Seattle-based autonomous offensive security specialist XBOW has raised $35m in additional Series C funding from Accenture Ventures, DNX Ventures, NVentures (Nvidia’s venture capital arm), Samsung Ventures, SentinelOne S Ventures and Liberty Global Tech Ventures, adding to the $120m it had already raised in the round. XBOW, which has more than 100 customers (including some of its investors), “uses AI to find and exploit vulnerabilities in applications the way attackers do, running continuously instead of as a point-in-time pentest,” the company noted. One of the investors that is also a user of XBOW’s technology is telecom, tech and media giant Liberty Global, which highlighted its involvement in the funding round in this announcement. Oege de Moor, founder and CEO of XBOW, stated: “Liberty Global has deep expertise in scaling technology businesses globally, and their commercial network will be vital as we enter our next phase of growth. With partners like them operating alongside us on the front lines, we’re accelerating our mission to stay ahead of AI attacks to defend the world together.”

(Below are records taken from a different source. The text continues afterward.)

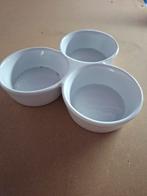 Trio kommetje, Huis en Inrichting, Keuken | Tupperware, Ophalen of Verzenden, Zo goed als nieuw, Bak of Kom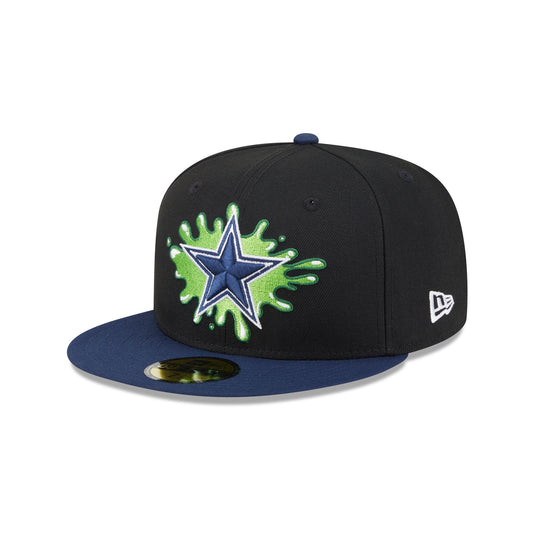 Nickelodeon Slime x Dallas Cowboys 59FIFTY Fitted Hat - New Era Cap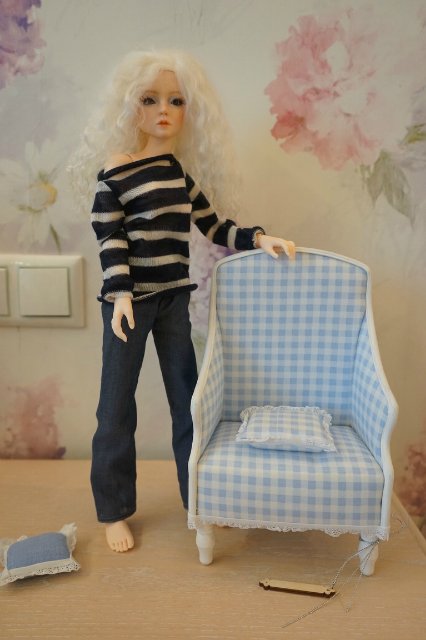 Вынужденное преображение Narae (фото 3)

Communications API platform giant Twilio has unveiled its “next-generation platform capabilities for the agentic era”, something that could well be of interest to all types of digital service providers: Those capabilities comprise  Conversation Memory, Conversation Orchestrator, Conversation Intelligence and Agent Connect, which “combine to turn disparate interactions into continuous, intelligent and personal conversations across humans, agents and systems.” Inbal Shani, chief product officer and head of R&D at Twilio, stated: “Most brands still treat every conversation with a customer like it’s the very first one. Twilio is changing that at the infrastructure layer, so every business built on Twilio can remember, learn and respond like they actually know their customers.” Mila D’Antonio, principal analyst for customer engagement at research firm Omdia, noted: “Twilio is redefining what a customer engagement platform (CEP) looks like – one that remembers, adapts and orchestrates across every touchpoint. That combination of vision, execution and ecosystem leverage is what solidifies Twilio’s place at the top of the category.” The launch comes only days after Twilio reported a 16% year-on-year increase in like-for-like first-quarter revenues to $1.41bn.